Employment law advocate Ashleigh Fechney said she had lost count of the number of early childhood teachers she had worked with.

She said early childhood was "a huge mess" and teachers often ended up being disciplined over trivial matters.

"I represented a woman once who was just wiping tears off a child's face and they said that was too much and they went to disciplinary for that. So it's small things that are getting escalated," she said.

Fechney said centre managers would often threaten to take teachers to the Teaching Council.

"I see this very commonly in ECE. It's really difficult because what that then leads to is this person is just so anxious. They're not just fighting for their employment, they kind of get to a point where they feel like they're fighting for their career at that point. And I have seen cases spiral, I've seen people just resign through these processes for fear that it might get to the Teachers' Council," she said.

The two major organisations representing centre owners and managers, Te Rito Maioha Early Childhood New Zealand and the Early Childhood Council said bullying was unacceptable but did not agree that the sector had a particular problem.

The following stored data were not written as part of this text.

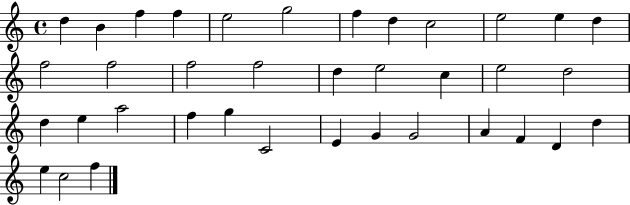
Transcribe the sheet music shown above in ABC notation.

X:1
T:Untitled
M:4/4
L:1/4
K:C
d B f f e2 g2 f d c2 e2 e d f2 f2 f2 f2 d e2 c e2 d2 d e a2 f g C2 E G G2 A F D d e c2 f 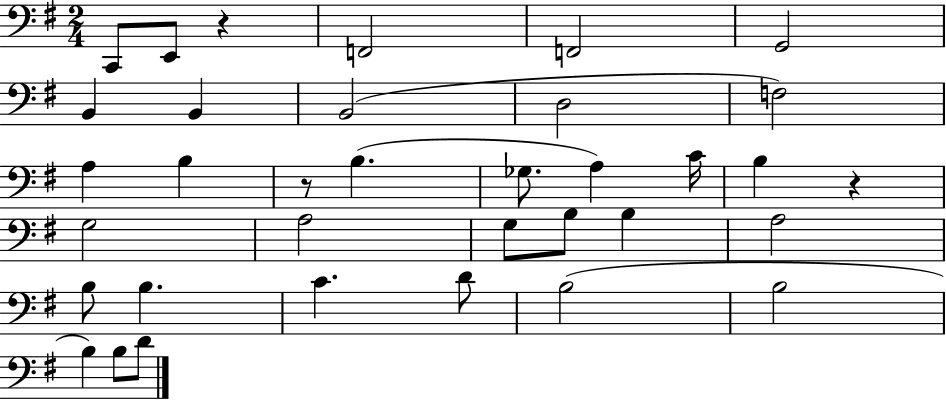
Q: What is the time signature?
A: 2/4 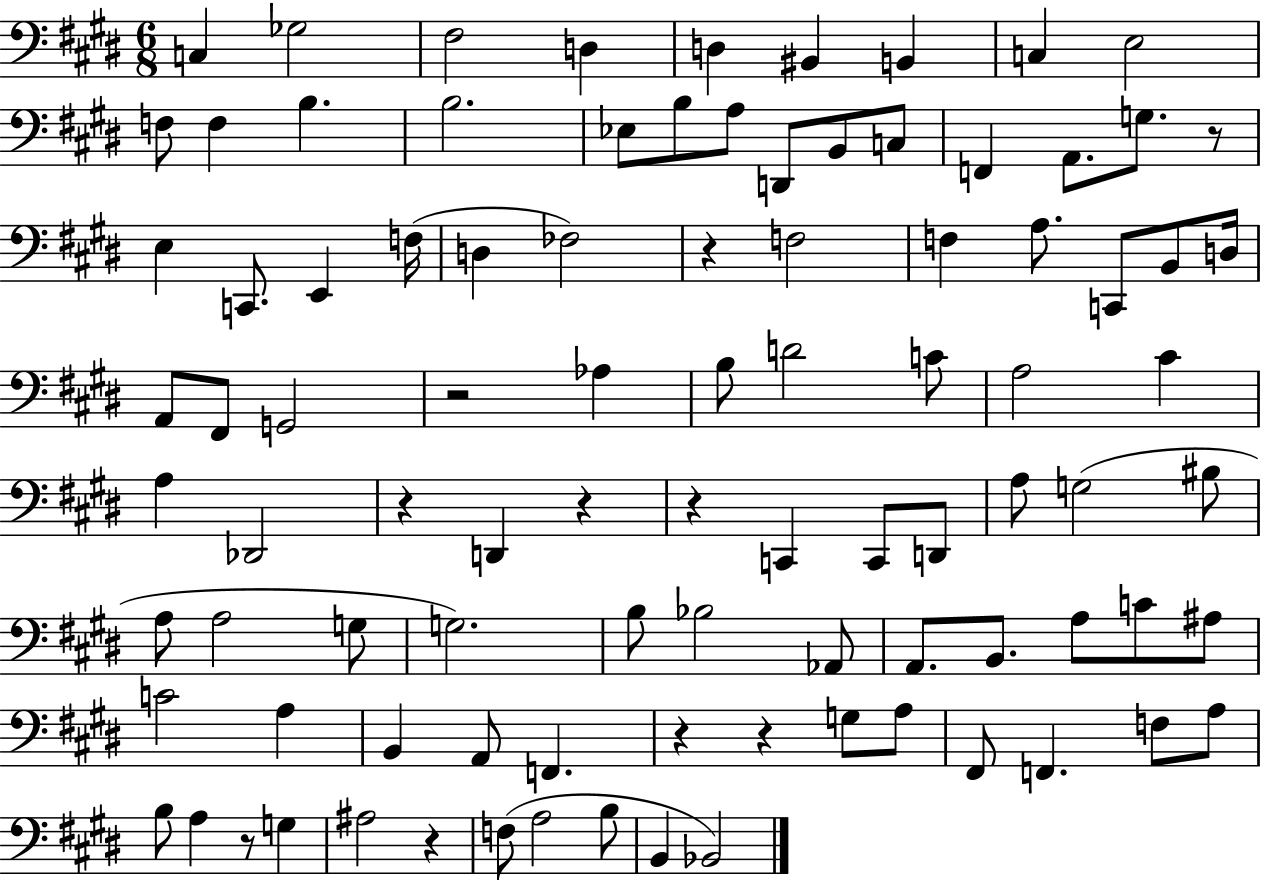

Te Rito Maioha Early Childhood New Zealand chief executive Kathy Wolfe said its members were not flagging bullying as a prevalent problem.

"Concerns about bullying of staff have not been raised significantly by our members - not by kaiako nor managers. On only a couple of occasions over the past several years have we needed to assist members relating to bullying, therefore we could not agree that early childhood education has a particular or widespread problem or a bullying culture," she said.

Wolfe said Ministry of Education complaints data showed there were two upheld complaints of staff being bullied in 2020 out of 409 complaints received that year.

Early Childhood Council chief executive Simon Laube said services were under a lot of pressure because of Covid and a shortage of qualified teachers.

He said that created stress and also made it difficult for managers and teachers to find time to resolve problems and disputes before they escalated.

"Making time and giving space to work these issues through properly is difficult. It takes time out. Centres do not have much time. They do not have many teachers," he said.

Laube said early learning centres had fewer people in management roles than schools and that put more pressure on staff.

He said the Teaching Council was making an effort to ensure teachers who were the subject of a complaint did not feel as if they were considered guilty until their case had been investigated.